FDA sets up webpage, template for screening

The U.S. FDA posted a new webpage on the agency’s website dedicated to screening for the SARS-CoV-2 virus, intended as a resource for schools and workplaces that seek to establish protocols for screening. The webpage explains the difference between diagnostic and screening test intended uses, and offers advice for screening protocols. The agency also released a supplemental template for development of both molecular and antigen tests for serial testing protocols for screening, which suggests that a test’s intended use statement indicate that testing should take place no more frequently than every 24 hours and no less frequently than twice every three days. Other testing frequency/intervals may be permitted for tests with higher sensitivity. The agency said it would consider granting an emergency use authorization for point-of-care and at-home tests, including over-the-counter tests, when the candidate test exhibits a positive percent agreement of at least 80%.
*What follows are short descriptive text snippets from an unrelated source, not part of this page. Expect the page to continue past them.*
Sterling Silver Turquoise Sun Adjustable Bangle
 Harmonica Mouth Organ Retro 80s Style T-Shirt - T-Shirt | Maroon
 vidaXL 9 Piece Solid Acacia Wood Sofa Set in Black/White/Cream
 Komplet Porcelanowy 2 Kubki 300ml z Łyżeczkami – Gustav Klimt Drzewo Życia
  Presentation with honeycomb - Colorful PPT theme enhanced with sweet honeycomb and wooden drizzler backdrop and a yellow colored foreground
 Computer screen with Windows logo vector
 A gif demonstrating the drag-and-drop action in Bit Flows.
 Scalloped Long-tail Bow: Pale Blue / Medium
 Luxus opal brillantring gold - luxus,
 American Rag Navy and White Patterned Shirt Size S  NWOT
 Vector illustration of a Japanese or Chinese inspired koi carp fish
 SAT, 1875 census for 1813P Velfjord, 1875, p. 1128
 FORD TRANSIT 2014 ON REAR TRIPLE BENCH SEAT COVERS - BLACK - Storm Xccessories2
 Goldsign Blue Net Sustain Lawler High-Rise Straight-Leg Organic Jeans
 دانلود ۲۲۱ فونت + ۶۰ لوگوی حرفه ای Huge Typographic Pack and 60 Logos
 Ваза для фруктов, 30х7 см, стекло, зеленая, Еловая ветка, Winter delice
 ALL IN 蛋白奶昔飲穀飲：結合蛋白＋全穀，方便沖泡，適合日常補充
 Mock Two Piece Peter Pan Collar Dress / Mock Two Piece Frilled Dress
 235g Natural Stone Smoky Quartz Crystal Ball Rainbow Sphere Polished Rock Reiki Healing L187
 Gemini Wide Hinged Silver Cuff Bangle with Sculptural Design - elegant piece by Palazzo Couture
Stryker’s STAR ankle exhibiting fracture risk

The FDA said its data suggest a higher-than-expected risk of fracture in the polyethylene components of the Scandinavian Total Ankle Replacement (STAR) device by Stryker Corp., of Kalamazoo, Mich. The agency said the adverse event data indicate that fracture may occur within three to four years post-implant, which may require surgery to repair or replace the device. The data are in part drawn from a post-approval study of the STAR, and indicate that the risk is distributed across all STAR units regardless of manufacture date. Older and more sedentary patients may be appropriate candidates for these devices while patients younger than 55 years of age, those with osteoarthritis and those with active lifestyles have an elevated fracture risk.